#### Task objective:
Output exactly the lines from the one containing "フラワー美容室の地図画像" through the final line of the entries below, both included, and skip the pictures.

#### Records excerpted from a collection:
☆ ☆ ☆ ☆

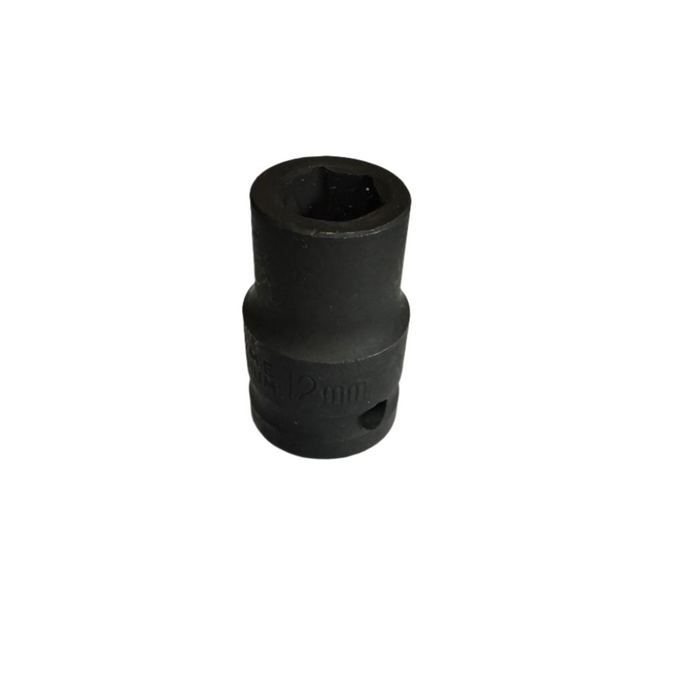 Short 1/2" Drive Impact Hex Metric Socket (10mm - 32mm)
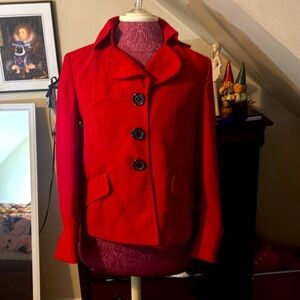 Cute red mod blazer size 6p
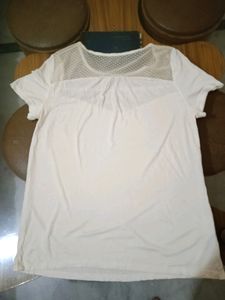 White Top With Lace Detailing , Size - 32 To 34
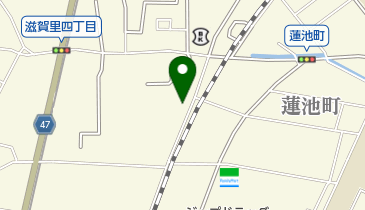 フラワー美容室の地図画像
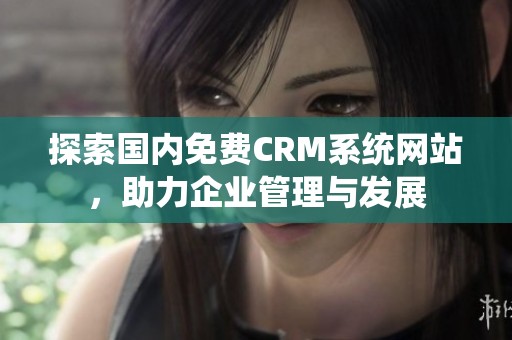 探索国内免费CRM系统网站，助力企业管理与发展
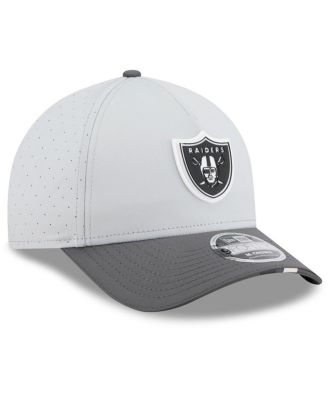 Men's Gray/Graphite Las Vegas Raiders 2025 NFL Training Camp A-Frame 9FORTY Adjustable Hat
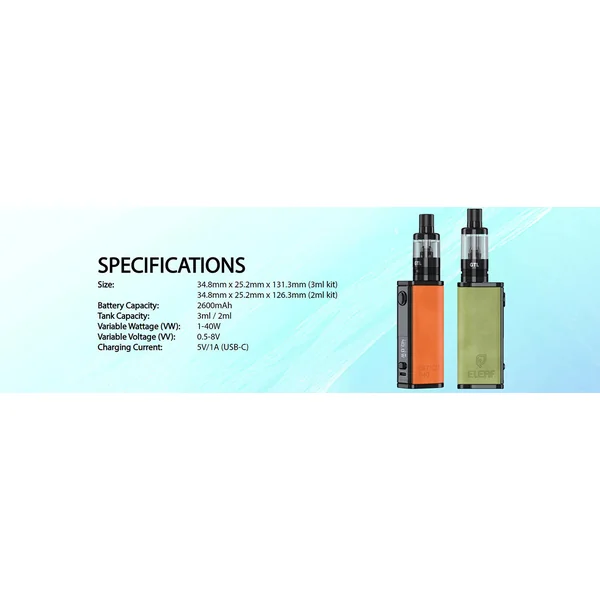 Eleaf iStick i40 Box Mod Kit with GTL D20 Tank Atomizer 2600mAh 3ml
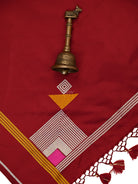 Contemporary Maroon Konia Meenakari Satin Silk Handloom Banarasi Saree - Sacred Weaves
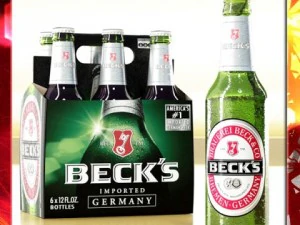 becks 6 bottles cardboard pack 3D Model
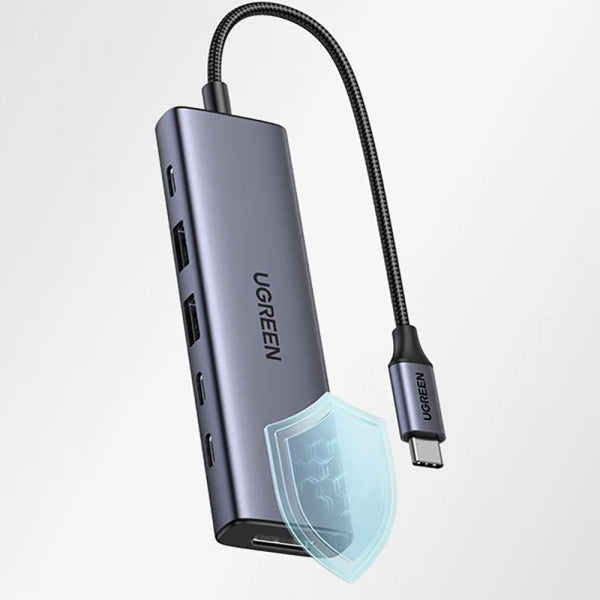 Ugreen USB-C Hub CM511 (75586), 6in1, Grey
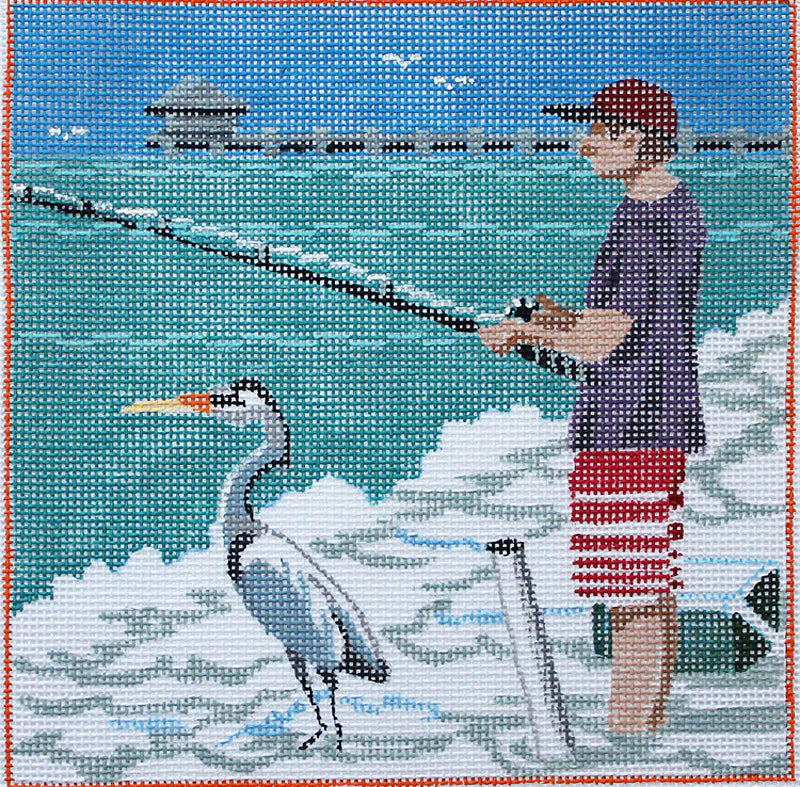 PLD Designs KaMaLa by Lanza Fishing Duo Needlepoint Canvas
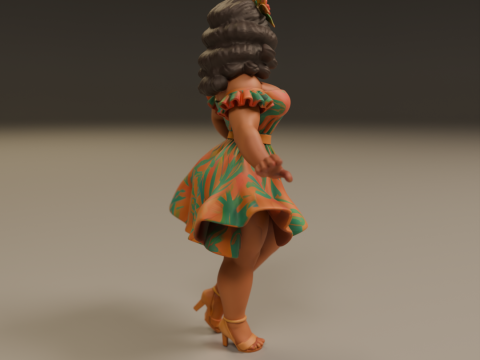 Brazilian pin-up 3D Print Model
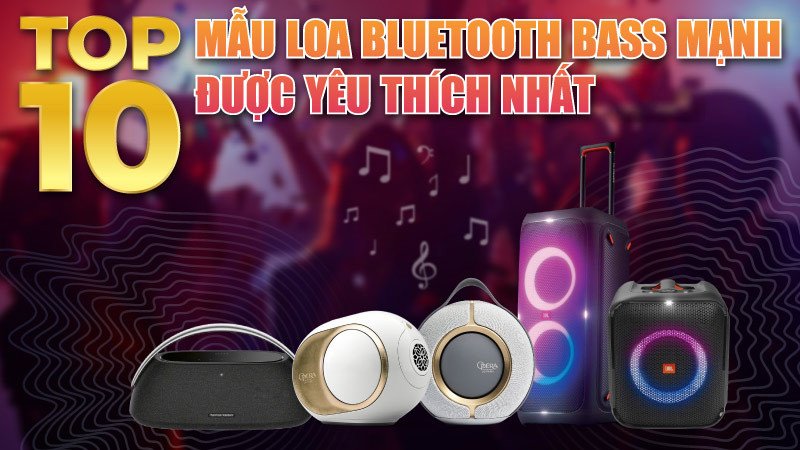 Hình ảnh tổng hợp các mẫu loa bluetooth mini bass mạnh được ưa chuộng, thể hiện sự đa dạng về thiết kế và công suất.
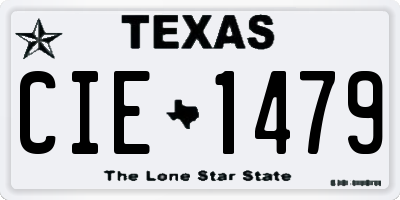 TX license plate CIE1479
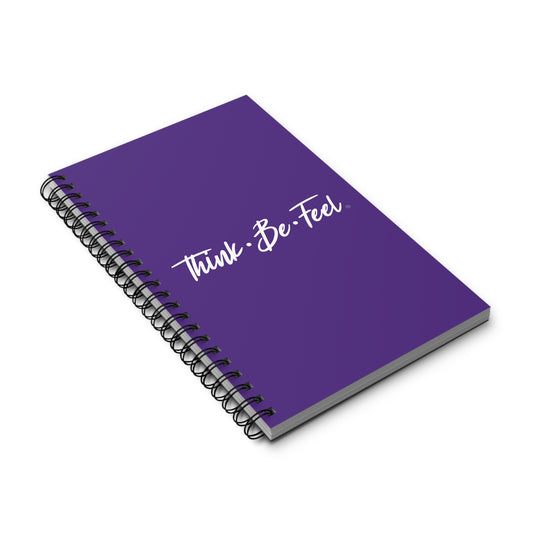 Think Be Feel Purple Spiral Journal - Think Be Feel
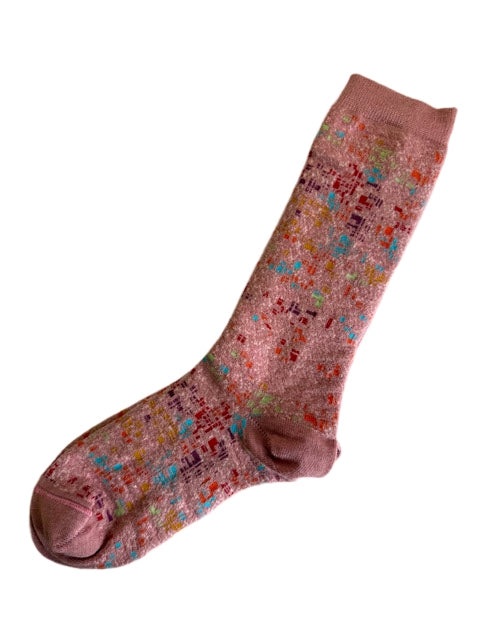 SOCKS ALPACA CONFETTI PINK MED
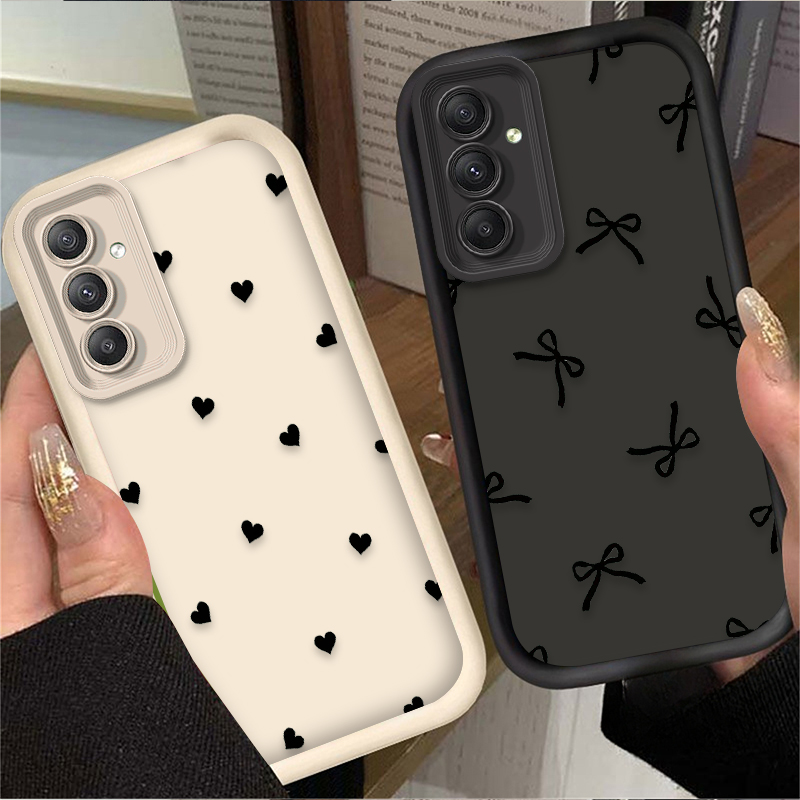 Black Love Heart Bowknot Case  - Phone Cases Android บทวิจารณ์และราคา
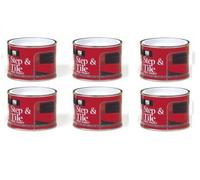 6 x Tins Of 151 Step & Tile Red Paint, 180ml, DIY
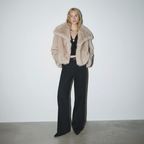 Sztuczne futro Moskwa - Beżowe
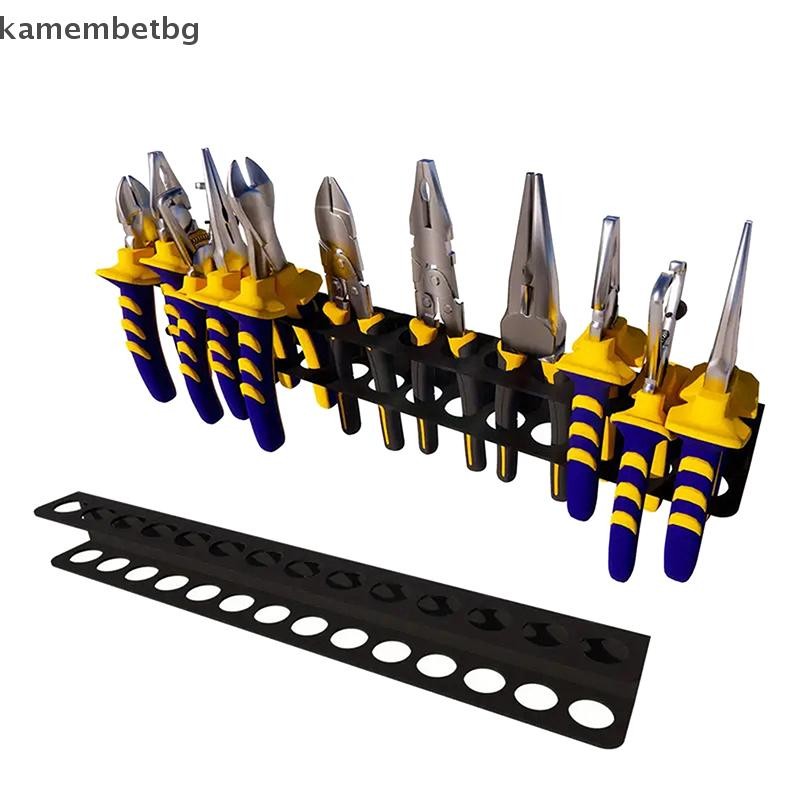 Kamembetbg สกรู Wall Mount Heavy Duty ไขควงชั้นเก็บจัดเก็บไขควง Rack เครื่องมือ Rack คีมผู้ถือเครื่องมือ TH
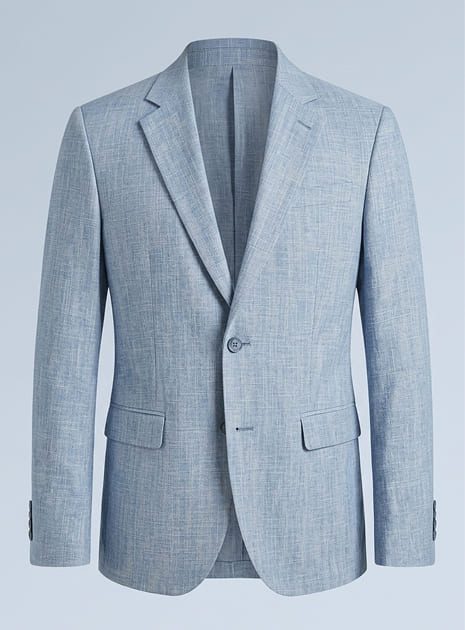 Men’s Summer Light Blue Blazer73:272 74:288
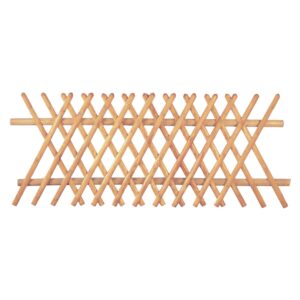 Jägerzaun  Latten 55 mm, kdi braun ohne Querriegel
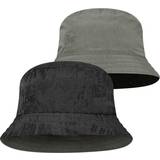 Buff Dam Hattar Buff Travel Bucket Hat Black/Grey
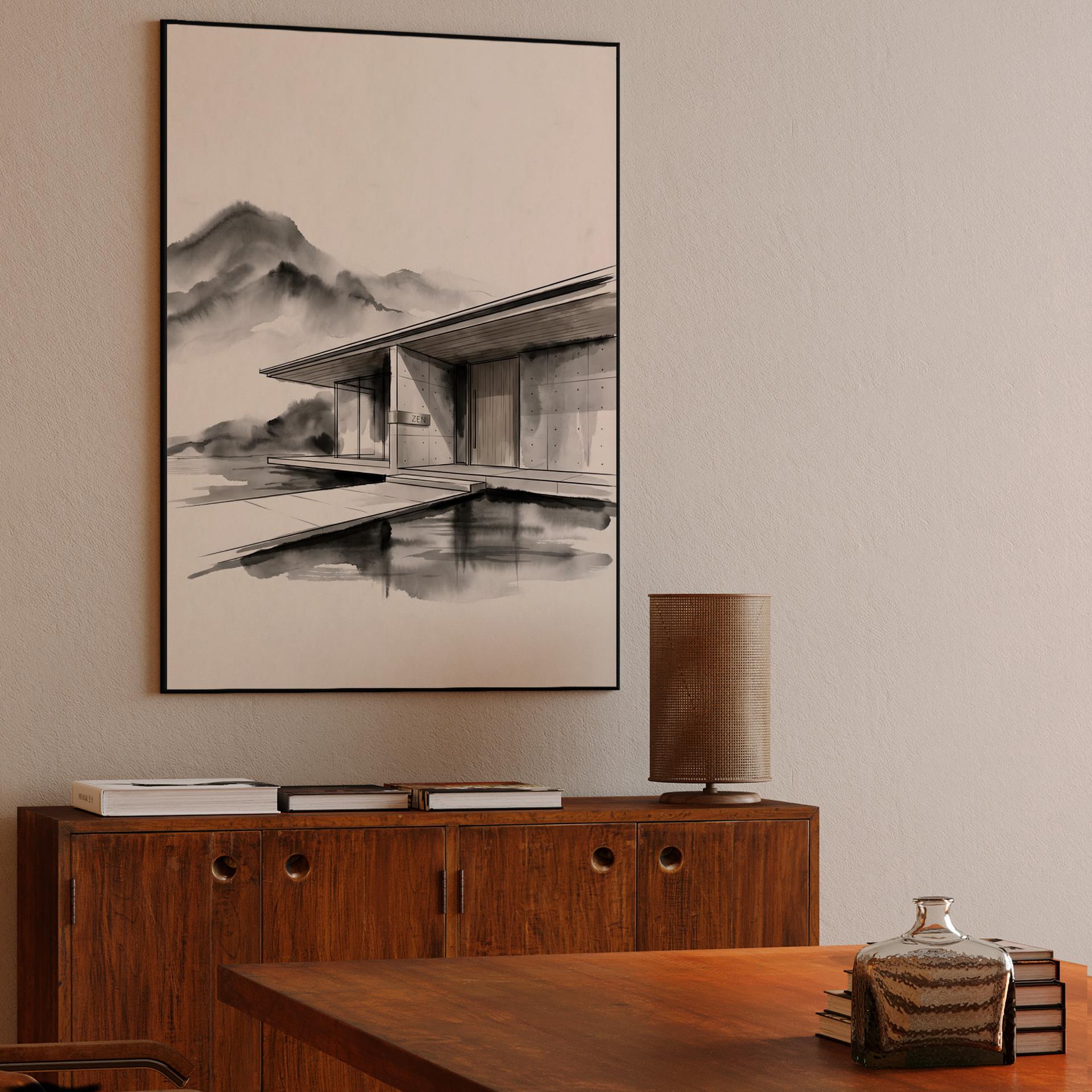 Zen Retreat: Modernism in the Mist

☆ ☆ ☆ ☆

#### Response to the exercise:
 フラワー美容室の地図画像
 探索国内免费CRM系统网站，助力企业管理与发展
 Men's Gray/Graphite Las Vegas Raiders 2025 NFL Training Camp A-Frame 9FORTY Adjustable Hat
 Eleaf iStick i40 Box Mod Kit with GTL D20 Tank Atomizer 2600mAh 3ml
 Contemporary Maroon Konia Meenakari Satin Silk Handloom Banarasi Saree - Sacred Weaves
 becks 6 bottles cardboard pack 3D Model
 Ugreen USB-C Hub CM511 (75586), 6in1, Grey
 PLD Designs KaMaLa by Lanza Fishing Duo Needlepoint Canvas
 Brazilian pin-up 3D Print Model
 Hình ảnh tổng hợp các mẫu loa bluetooth mini bass mạnh được ưa chuộng, thể hiện sự đa dạng về thiết kế và công suất.
 TX license plate CIE1479
 Think Be Feel Purple Spiral Journal - Think Be Feel
 SOCKS ALPACA CONFETTI PINK MED
 Black Love Heart Bowknot Case  - Phone Cases Android บทวิจารณ์และราคา
 6 x Tins Of 151 Step & Tile Red Paint, 180ml, DIY
 Sztuczne futro Moskwa - Beżowe
 Kamembetbg สกรู Wall Mount Heavy Duty ไขควงชั้นเก็บจัดเก็บไขควง Rack เครื่องมือ Rack คีมผู้ถือเครื่องมือ TH
 Men’s Summer Light Blue Blazer73:272 74:288
 Jägerzaun  Latten 55 mm, kdi braun ohne Querriegel
 Buff Dam Hattar Buff Travel Bucket Hat Black/Grey
 Zen Retreat: Modernism in the Mist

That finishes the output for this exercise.